RECORD EXTRACTS Start Marker

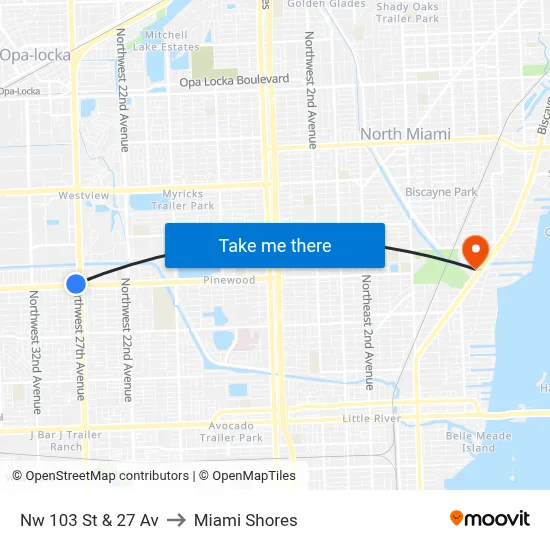 Nw 103 St & 27 Av to Miami Shores map
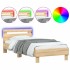 Estructura de cama cabecero luces LED roble Sonoma 90x200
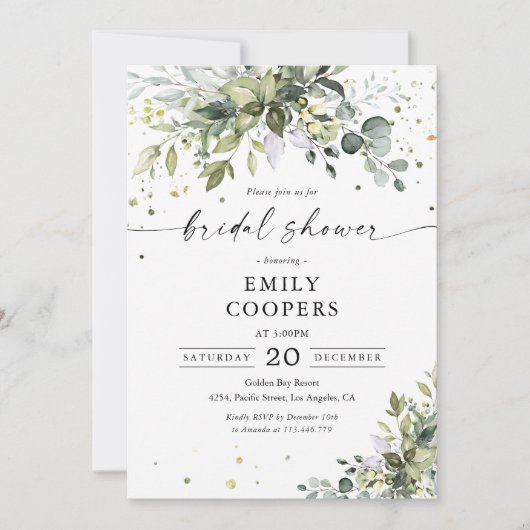 Invitation à la douche nuptiale verte (Devant)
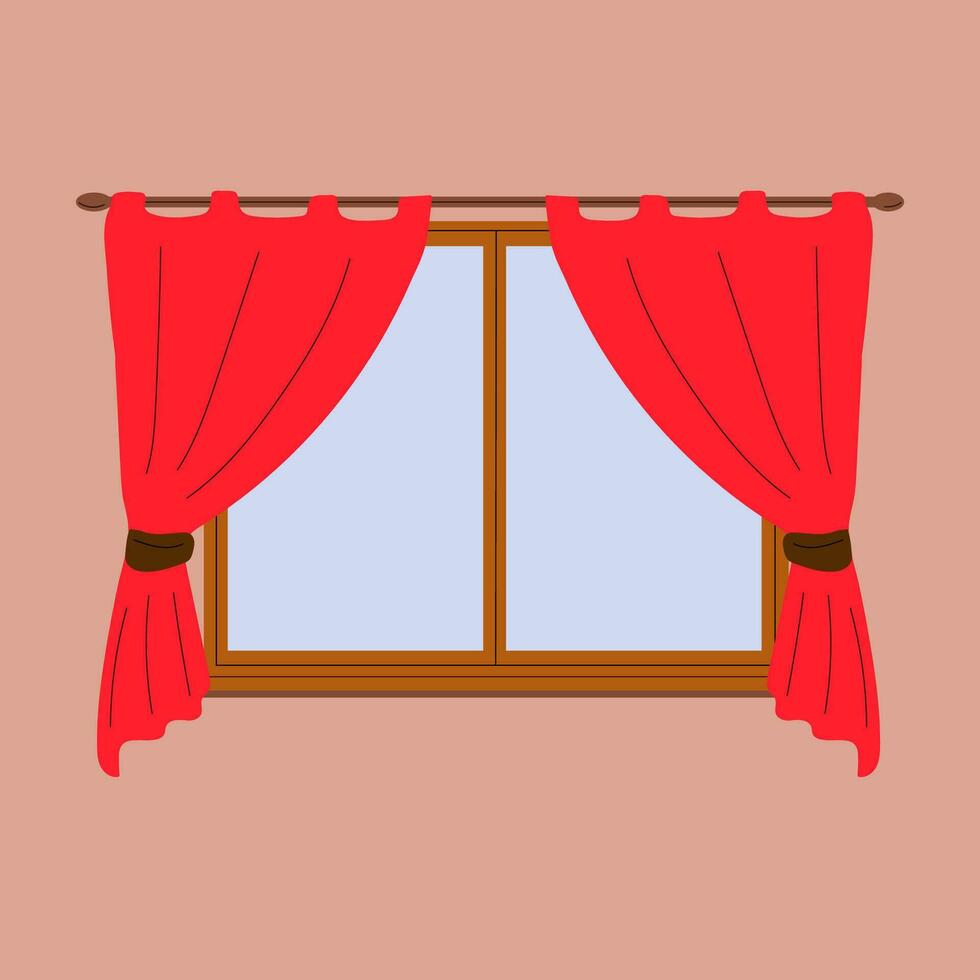 Window and curtains in the room. House window. Vector flat illustration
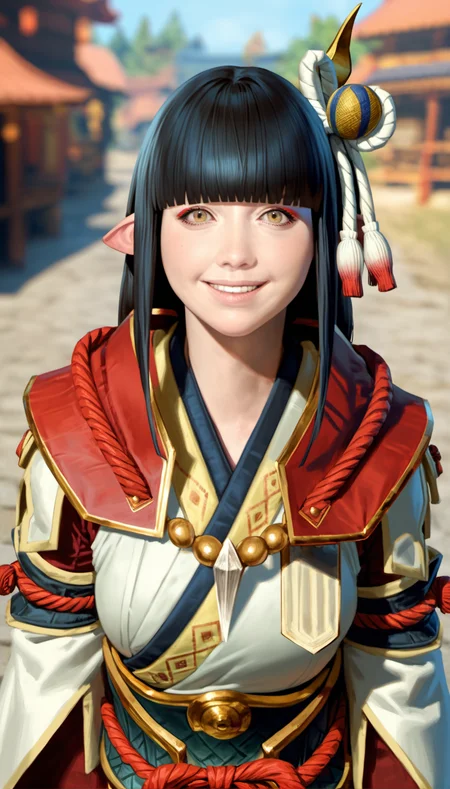 score_9,score_8_up,score_7_up,
<lora:hinoa:0.9>,
mhhinoa,
photorealistic,
1girl,solo,black hair,long hair,blunt bangs,hair ornament,yellow eyes,looking at viewer,smile,parted lips,pointy ears,red and white short cape,shoulder necklace,white japanese robe top,deep red undershirt,detached sleeves,portrait,from above,blurry background,outdoors,rustic village,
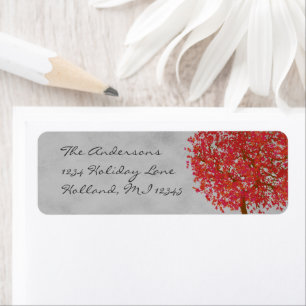 Red Tree On Grey Return Address Return Address Label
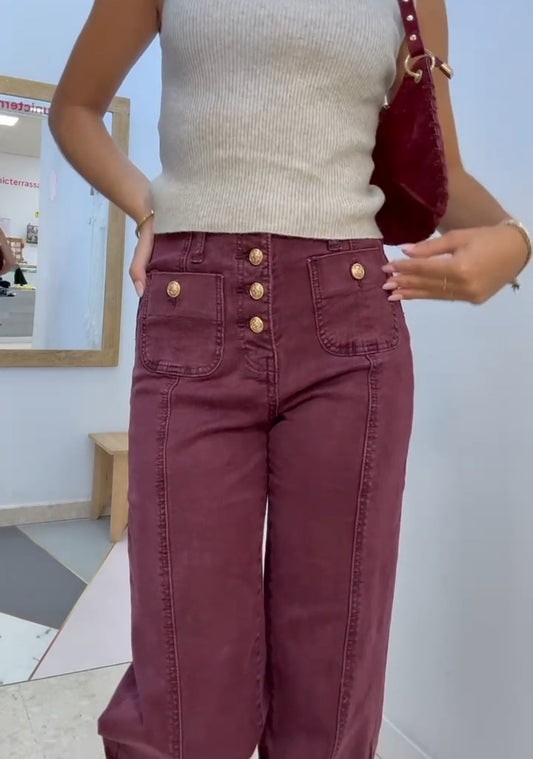 Pantalón Tejano Granate esUnic
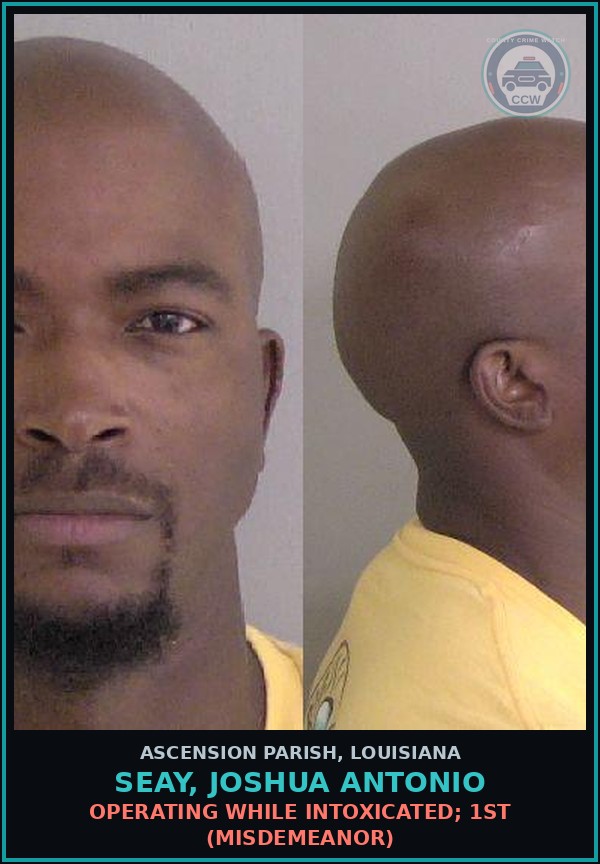 Booking mugshot of Seay, Joshua Antonio in Ascension Parish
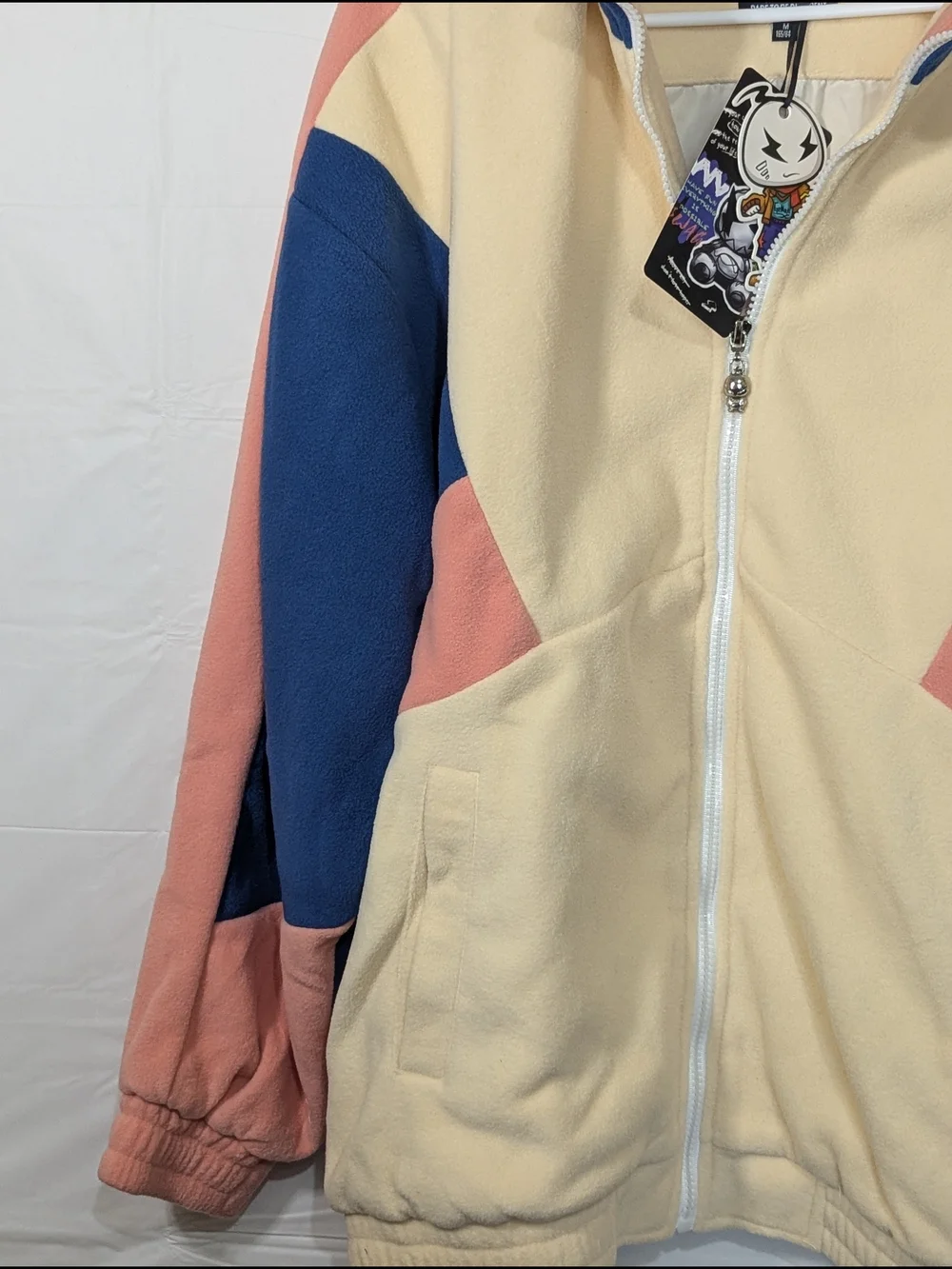 NWT Genanx Oversized Colorblock Fleece Jacket Size M Cream Pink Blue Y2K Streetw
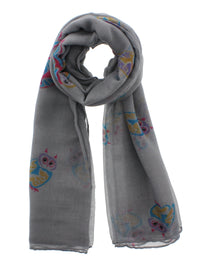 Multicolour Owl on Coloured Printed Scarves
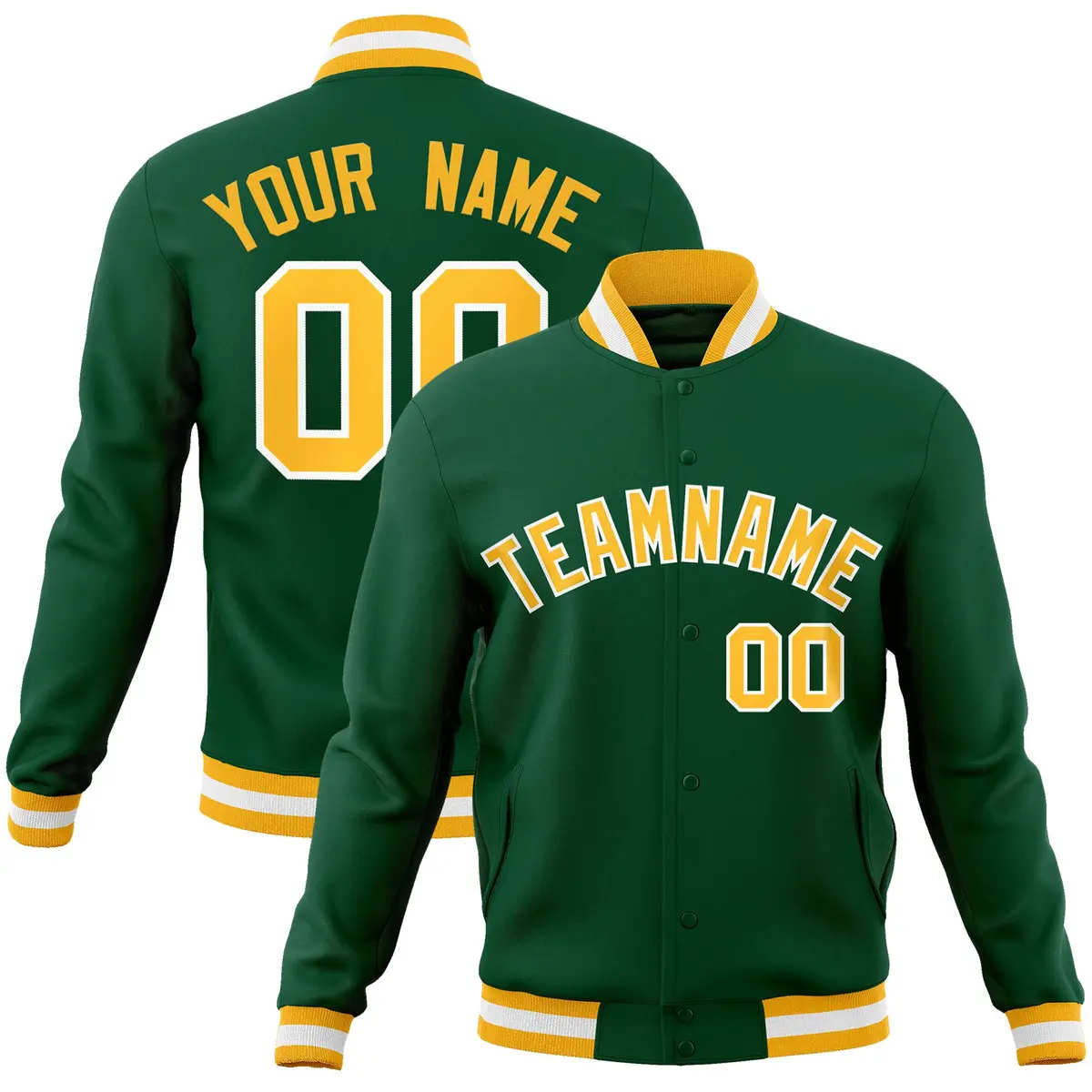 Green Gold-White Varsity Full-Snap Letterman Jacket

RECORD EXTRACTS End Marker

For this answer, retype the lines from the start of the listing through the line that holds "Booking mugshot of", inclusive, exactly and without pictures.

▶ **TASK OUTPUT**:
 Nw 103 St & 27 Av to Miami Shores map
 Estructura de cama cabecero luces LED roble Sonoma 90x200
 Invitation à la douche nuptiale verte (Devant)
 Window and curtains in the room. House window. Vector flat illustration
 score_9,score_8_up,score_7_up,
<lora:hinoa:0.9>,
mhhinoa,
photorealistic,
1girl,solo,black hair,long hair,blunt bangs,hair ornament,yellow eyes,looking at viewer,smile,parted lips,pointy ears,red and white short cape,shoulder necklace,white japanese robe top,deep red undershirt,detached sleeves,portrait,from above,blurry background,outdoors,rustic village,
 Red Tree On Grey Return Address Return Address Label
 Pantalón Tejano Granate esUnic
 Booking mugshot of Seay, Joshua Antonio in Ascension Parish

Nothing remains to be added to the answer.